Décidé à quitter mon entreprise, je restais cependant focalisé sur l’idée de développer ma future activité de coach et cela se traduisait par : « trouver de nouveaux clients ». J’avais déjà mis en place une petite activité de coaching depuis un an grâce à un mini temps partiel de 10% (un jeudi toutes les deux semaines). Dans la perspective d’en vivre, c’était loin d’être suffisant ! Mes jeudis libres étaient alors consacrés à la réalisation de missions de coaching et à la prospection de nouveaux clients. Je me rassurais par la possession d’un carnet d’adresses, une liste assez longue de contacts construits au fil d’années en tant que Responsable RH. Oui mais voilà, il y avait un hic : impossible de passer à l’action, de décrocher mon téléphone, je tournais en rond, j’appelais un copain, je faisais du rangement, je me plongeais dans un bouquin, je répondais à des mails, je faisais du tri dans mes papiers. Bref je mettais tout en œuvre pour ne pas appeler : action qui me semblait pourtant indispensable au développement de mon activité de coach indépendant.
Je cherchais obstinément les raisons d’un tel blocage, tentant de répondre à la question : « Mais pourquoi donc je n’arrivais pas à passer ces appels ? ». Plus je cherchais des explications d’un tel comportement, plus je me disais : « c’est stupide, tu dois appeler » et plus je me disais : « tu dois appeler » moins j’y arrivais. Un véritable cauchemar qui venait s’ajouter à la souffrance de ne pas pouvoir encore quitter mon entreprise dans de bonnes conditions. Je ne me reconnaissais pas dans ce comportement que je trouvais complètement « débile ».
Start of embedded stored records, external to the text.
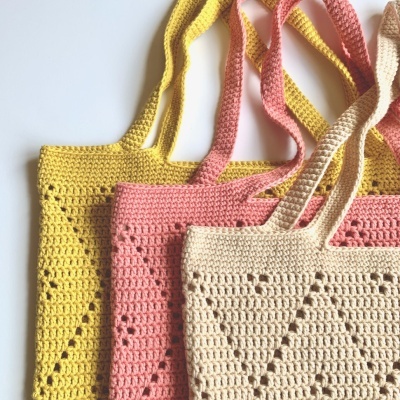 Malas de croché amarelo, rosa e bege com padrão geométrico e alças trançadas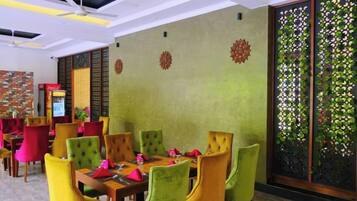 Un restaurante con varias mesas y sillas, un ventilador de techo y paneles decorativos en la pared.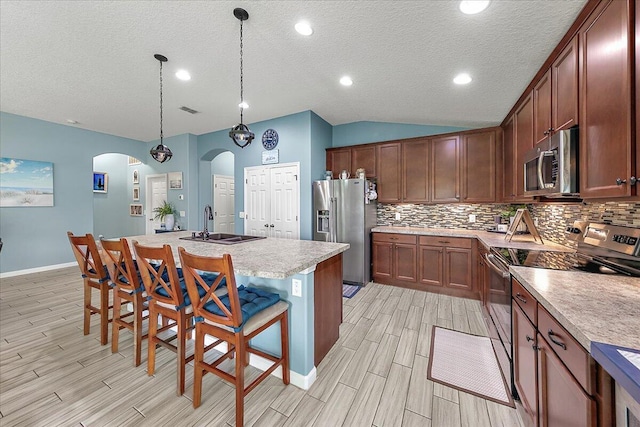 kitchen featuring vaulted ceiling, appliances with stainless steel finishes, decorative light fixtures, a breakfast bar area, and a center island with sink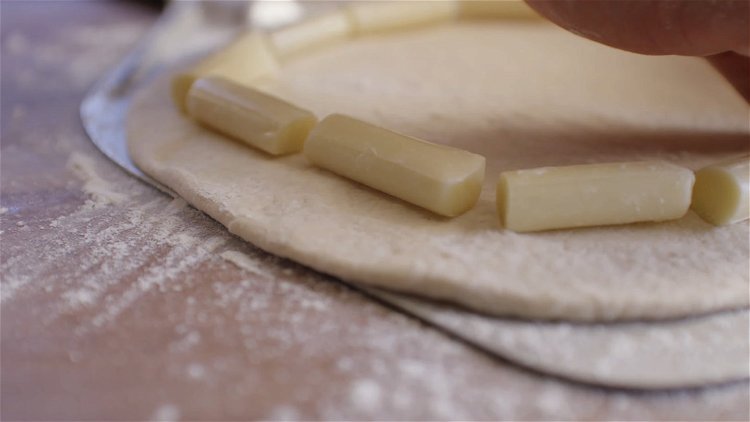 Image of Roll the dough out with a rolling pin. Divide cheese...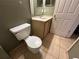 Bathroom featuring toilet, sink, and cabinet, with tiled floor at 8258 Golden Chickasaw Cir, Orlando, FL 32825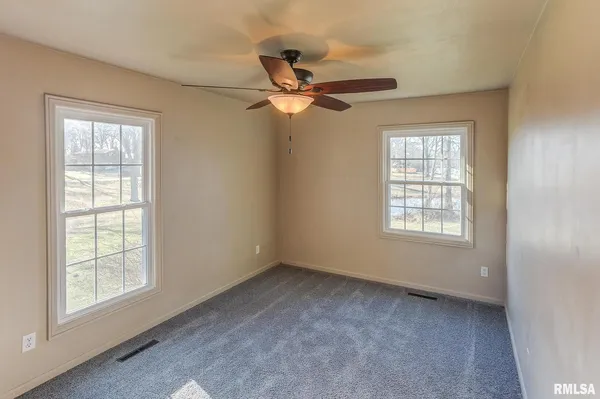 an empty room with a window and a fan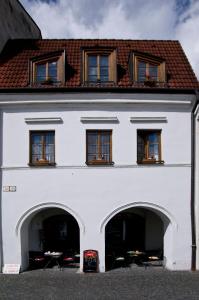 a white building with arches in front of it at Apartments Rakoczi in Žilina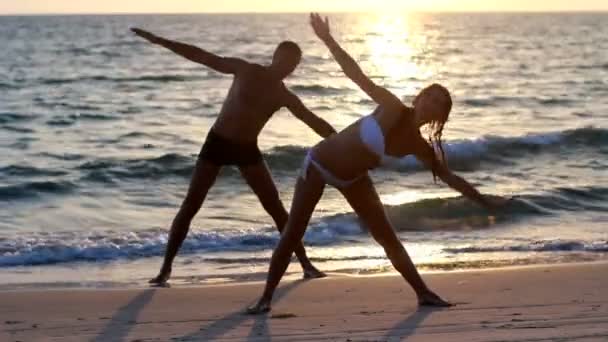 一个有魅力的年轻女人和男人做瑜伽上一个突堤码头与海洋 — 图库视频影像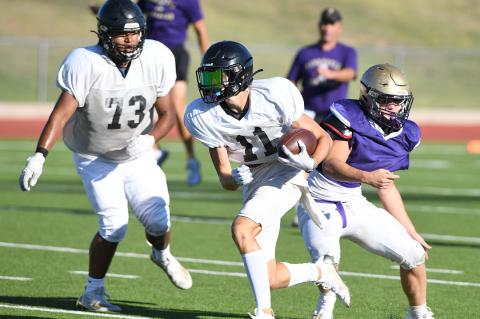 In Canadian's scrimmage against the Panhandle Panthers, running back Preston Miller slips one tackle and looks for cover from his O-lineman Javier Cardenas.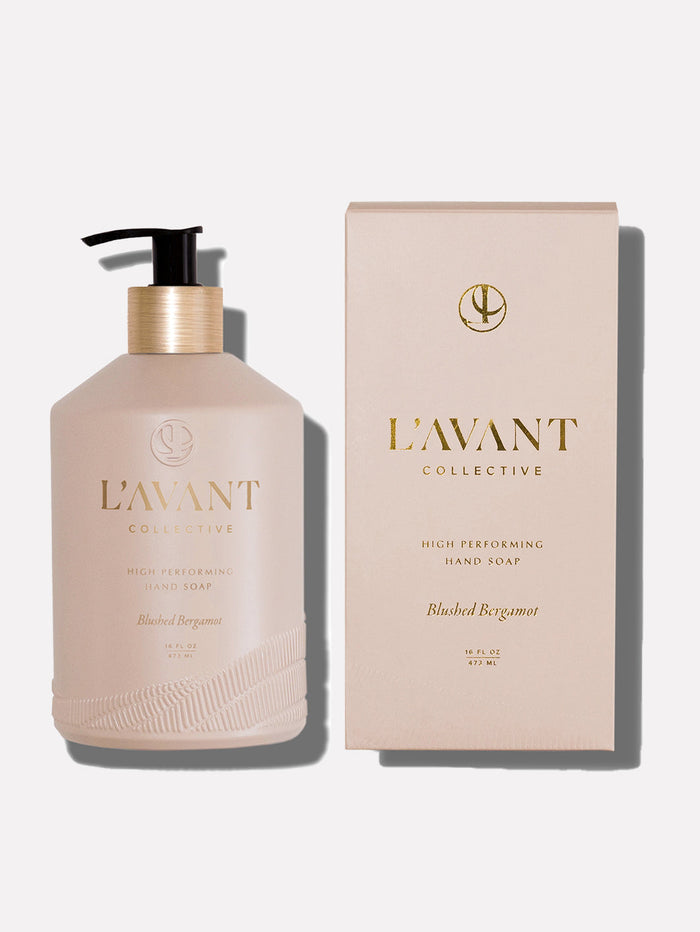 Bottle and box packaging of High Performing Hand Soap - Blushed Bergamot | L'AVANT Collective in a soft blush color with gold lettering, featuring a black pump dispenser on the bottle.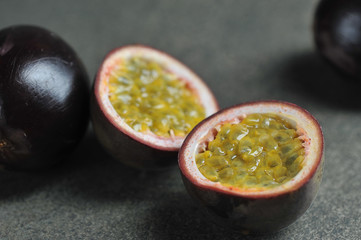 Passion fruit is the fruit of a tropical vine. Two halves of passion fruit and whole fruits....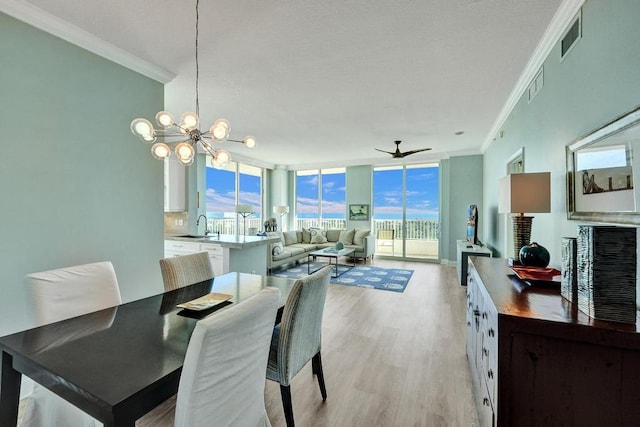 dining area with plenty of natural light, ornamental molding, ceiling fan with notable chandelier, and light hardwood / wood-style flooring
Le mardi 14 mai, j’arrivais à une séance de supervision à l’Ecole du Paradoxe et j’avais décidé d’exposer ce problème. Sur une chaise, face à Irène, au bout de la grande table de la salle de formation, caméra braquée sur moi, devant d’autres coachs supervisés, j’exposais fébrilement ma situation. Le simple fait de verbaliser cet empêchement m’allégeait. Je venais déposer une énorme pelote de fils inextricablement entremêlés. L’entretien avançait, la situation se configurait de façon plus nette et je me retrouvais peu à peu devant ma première prescription de tâche paradoxale en tant que client. La fameuse grille utilisée par le modèle prenait forme, ce qui faisait de mon problème un quasi cas d’école. Alors voilà le raisonnement qui permettait de construire la tâche paradoxale :
- Le problème : un blocage pour passer des appels à des prospects. Ce blocage n’avait pour moi aucune origine rationnelle.
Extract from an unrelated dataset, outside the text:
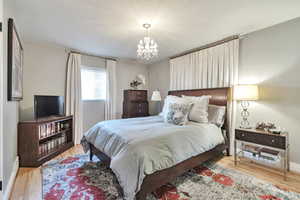 Bedroom featuring a chandelier and wood finished floors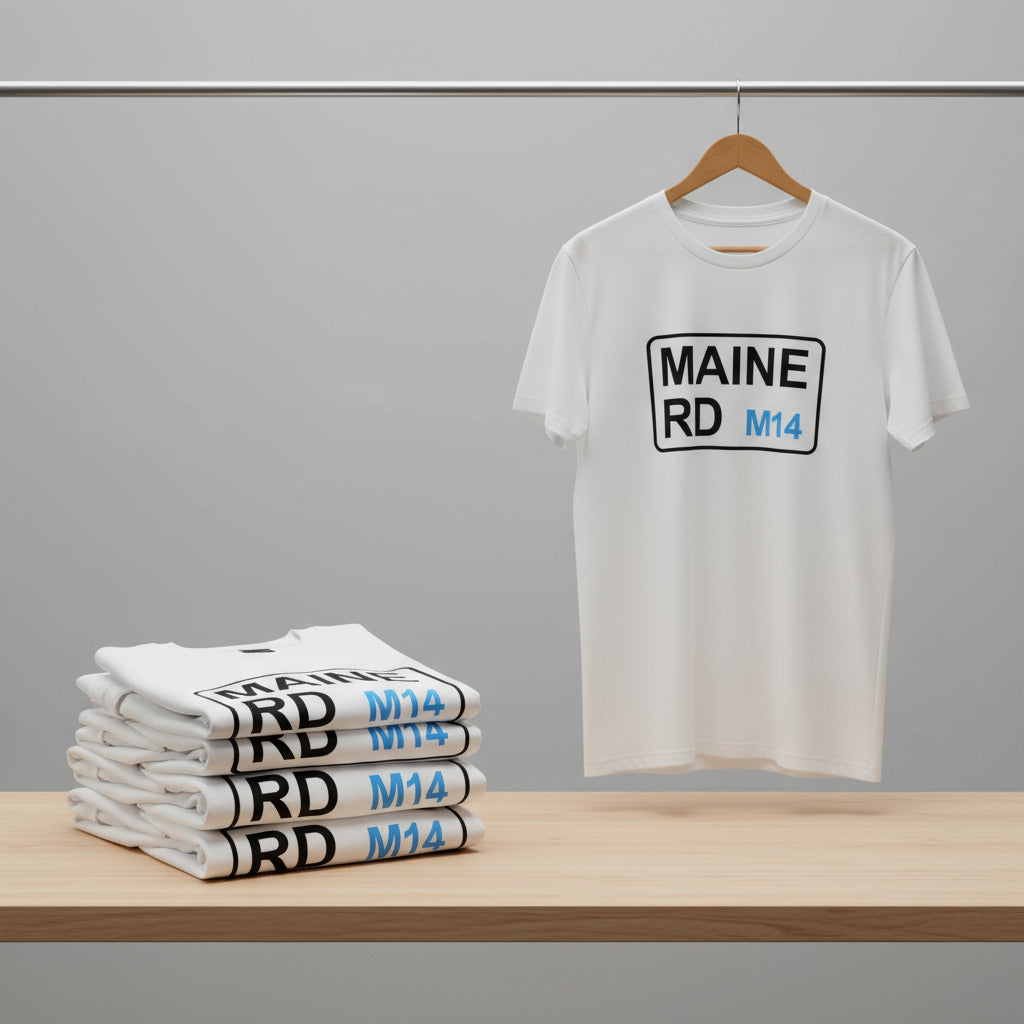 White t-shirt with 'MAINE RD M14' print on a hanger and stacked below against a grey background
- L’objectif : Appeler des prospects.
- Quelques tentatives de solutions : faire un planning avec des noms de personnes à appeler chaque jeudi, planifier les horaires des appels pour être sûr de les joindre et au bon moment, des répétitions multiples à blanc du discours que j’allais leur servir au téléphone, prioriser les appels les plus importants.
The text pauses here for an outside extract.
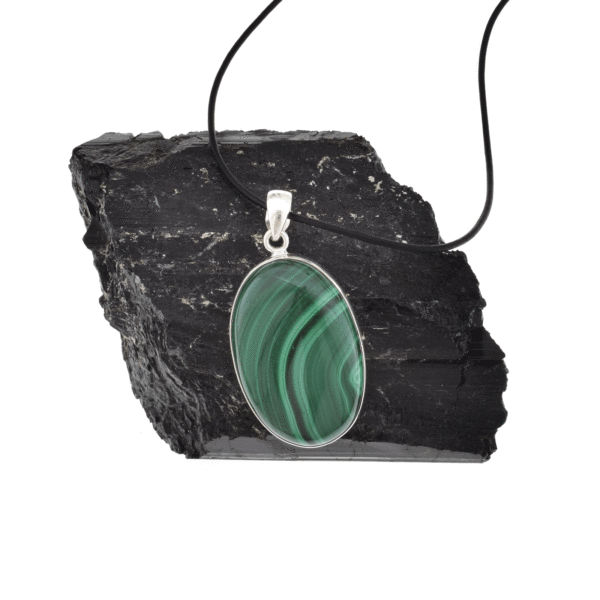 Handmade pendant made of sterling silver and natural malachite gemstone, in an oval shape. The pendant is threaded on a black leather with sterling silver clasp. Buy online shop.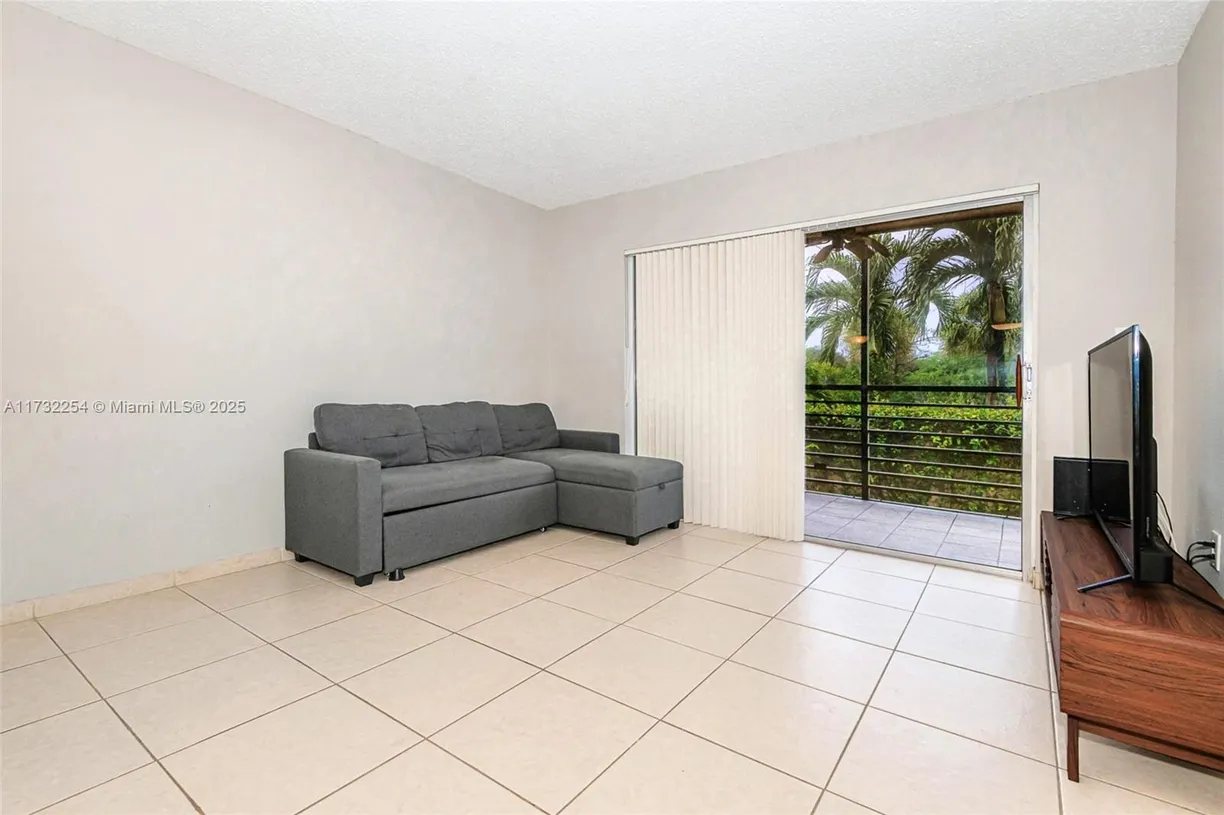 South Florida Real Estate | View 3110 N Pine Island Rd, 210 | Listing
- Le méta message que je m’envoyais : « Tu dois appeler ».
- Le contre message : « Tu ne dois pas appeler ».
Les ingrédients étaient alors identifiés pour construire une tâche paradoxale. Deux possibilités se présentaient dès lors :
– soit directe : « Tu ne dois pas téléphoner pendant un certain temps» (assez brutal),
– soit indirecte (celle qui a été choisie) ou en « contre virage » :
l’idée consiste ici à négocier un premier objectif (dans le sens des tentatives de solution), par exemple réaliser 2 appels téléphoniques (c’était déjà pas mal si j’y arrivais !) et si cette partie de la tâche n’est pas réalisée, alors vient une deuxième partie : l’interdiction de passer des appels pendant un certain temps. Cela donne : « Si jeudi prochain tu ne passes pas deux appels téléphoniques, alors tu ne dois pas téléphoner à des prospects pendant deux jeudi de suite ». La durée de l’interdiction fait aussi l’objet d’une négociation. Effectivement, la perspective de passer plus de trois semaines à me dire : « tu ne dois pas téléphoner » me serait apparue comme une réelle punition ! Deux semaines c’était amplement suffisant.
Irène m’avait vendu cette tâche comme une véritable expérimentation. L’argument me paraissait tout à fait convaincant : « c’est très intéressant dans le cadre de ta formation, de savoir ce que peut produire une tâche paradoxale. D’ailleurs dans certains programmes de formations, il y avait à réaliser des tâches paradoxales pour savoir ce que cela fait. Puis prescrire toi même des tâches en en ayant vécu la difficulté … ».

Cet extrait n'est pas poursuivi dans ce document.